19 Dec 2012: Post Hit Piece on Hagel
Posted by: Frank Moraes
I've had my problems with the idea of Chuck Hagel as the new Defense Secretary. Why is it not possible to have a liberal? Why does Obama continue to try to court the right by having Republicans in his cabinet? But the Washington Post has a different take on this in an editorial, Chuck Hagel Is Not the Right Choice for Defense Secretary. According to them, Hagel is to the left of Obama, and that's a bad thing.So what are Hagel's sins? First, they claim that nominating a Republican is only done in the name of bipartisanship. Somehow they don't even consider that maybe Republicans of only a few years ago are now to the left of our current president. That can't be. Obama's choice of Hagel would only be to make nice with the right and so he apparently has to pick someone like Allen West.
The biggest problem for the Washington Post is that Hagel thinks going to war with Iran is a bad idea. "Mr. Obama may be forced to contemplate military action if Iran refuses to negotiate..." But the Post does not know how Hagel would act in that situation. Regardless, he would be pursuing Obama's agenda, not his own.
There's more. Hagel thinks the defense budget is bloated. This is indisputable. The military says the same thing. The only people who want to continue to throw more and more money at the Pentagon are chicken hawks like those at the Washington Post. Hagel, having actually been at war, thinks a little more carefully about these things.
What is most telling in the editorial is that it is filled with caveats. The truth is, even from their own perspective, they don't have the goods on Hagel. They just think that there are "other possible nominees who are considerably closer to the mainstream." The mainstream of the Villagers who the Post represents. This is nothing more than a hit job.
It isn't just because the Washington Post is conservative that people call it "Fox on 15th Street." But I guess we should be pleased that this article was put on the opinion page rather then on the front page where many of their editorials go.

JMF wrote:
1: Are we going to occupy the country? We can't do that. Not just morally/legally, we can't DO IT.
2: Are we going to bomb (or give Israel the OK to bomb) an enriching-uranium site? I'm no expert, and I don't know what that means, but I know that uranium is deadly poison, and downwind from Iran are Pakistan and India, two ostensible allies.
This is taking on the tone of LBJ's attitude towards Vietnam. LBJ wanted out, but knew Caving To Commies would be political suicide. I'm starting to feel we'll soon be attacking Iraq sheerly for the sake of momentum. Maybe all our wars started this way.
Note: today I had lunch with a semi-estranged brother (we're working on it.) He picked a Kurdish restaurant, which was excellent, and I asked him why he made such an obscure choice.

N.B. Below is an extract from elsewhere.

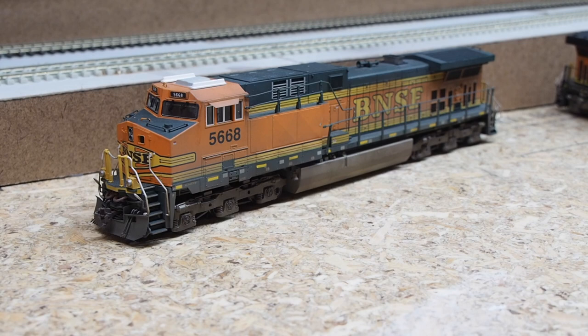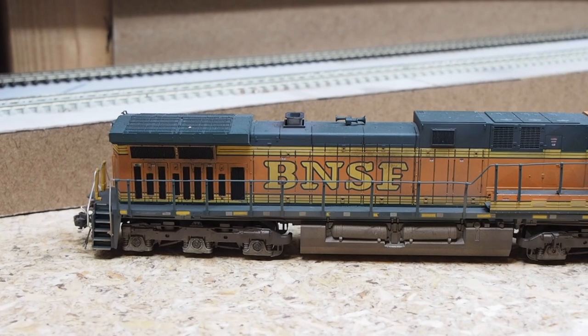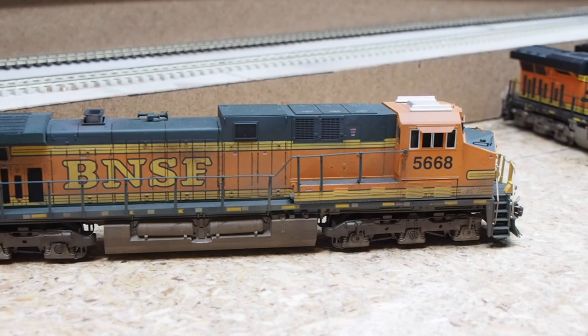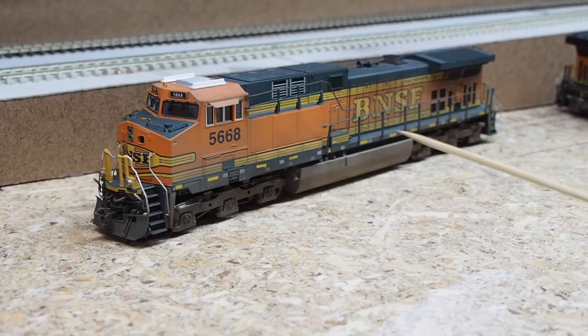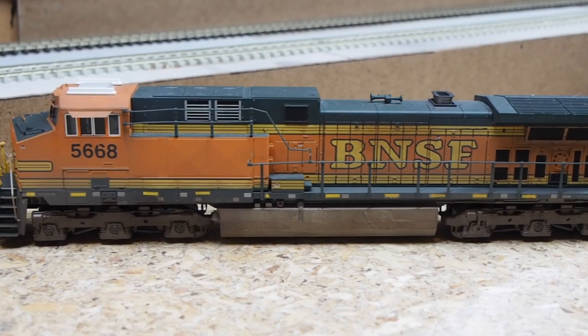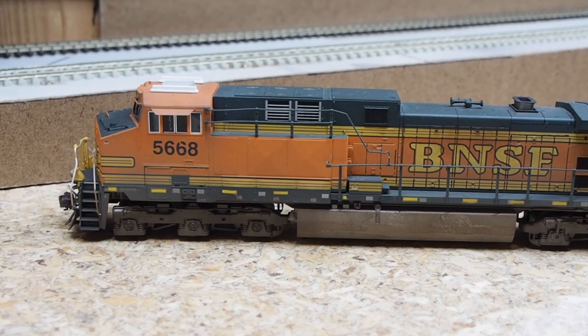This is a Kato AC4400CW with a mobile DCC decoder installed. It was previously owned by John Parker of the BNSF Fall River Division layout — a world-class layout — so it's cool to have a piece of that history on my layout. I touched up the weathering, darkened the radiator cab grilles, added some airbrushing on the seam lines, and added the long skinny fin-type PTC antennas from MAC Rail on the roof.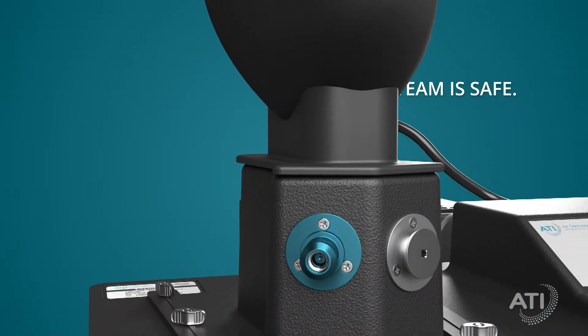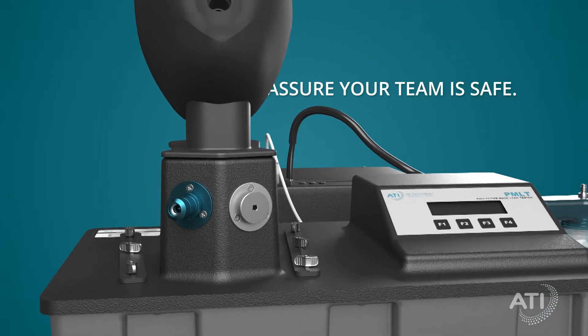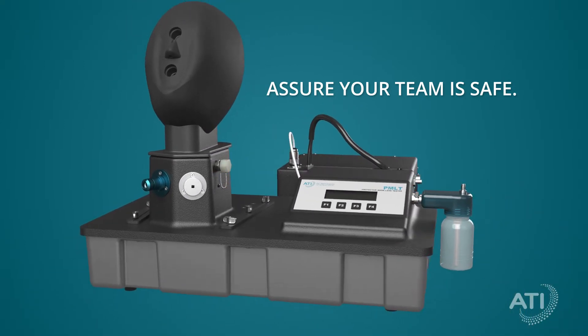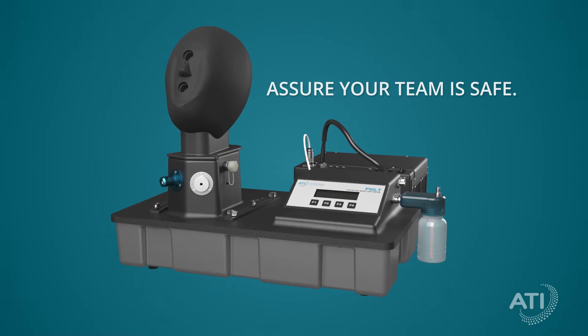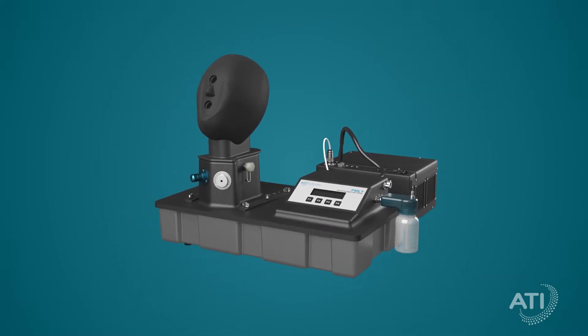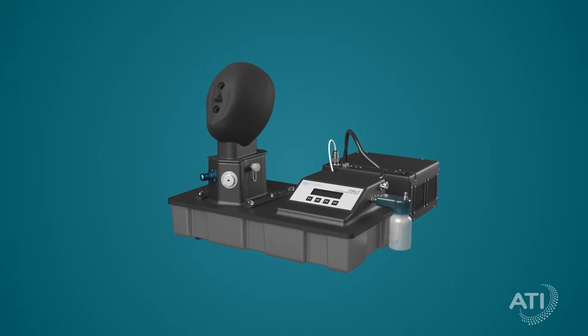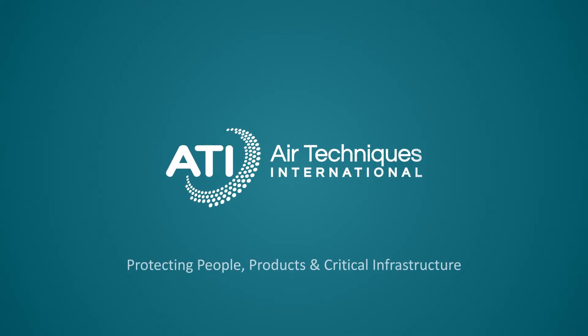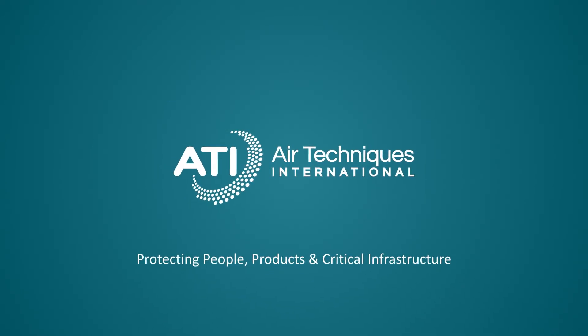In these times of increased sovereignty concern, the PMLT's system of mask integrity testing and user fit testing helps assure your team is safe. The PMLT has been designed and developed to meet the needs of those who protect others. ATI — protecting people, products, and critical infrastructure.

Well, when he was stationed in Iraq, he was put up north, where the Kurds lived, and he liked their food. He suggested that we should have gone to war, if we even needed going to war, by protecting the Kurds first and foremost. They were the only locals who wanted us there; if we needed local bases to secure our regional interests, we could have put them in Kurdish territory, like we did in South Korea.
Good point, I responded, but mentioned that Turkey is our major Caspian/energy ally and the Turks get cranky whenever anyone suggests that a population such as the Kurds even exists, given a brutal ethnic tension history.
"You're right," he said. End of argument. So someone with on-the-ground experience and someone who's just read analysis found a place to agree. The key is, although our sources of information differ, we share a belief in objective reality.
The Iran-war pimpers (like the Iraq-war pimpers) are utterly disengaged from reality; it gets in the way of their fantasies. There is no imaginable universe where attacking Iran makes sense to anyone, anywhere. Fantasy, I guess, is a hell of a drug.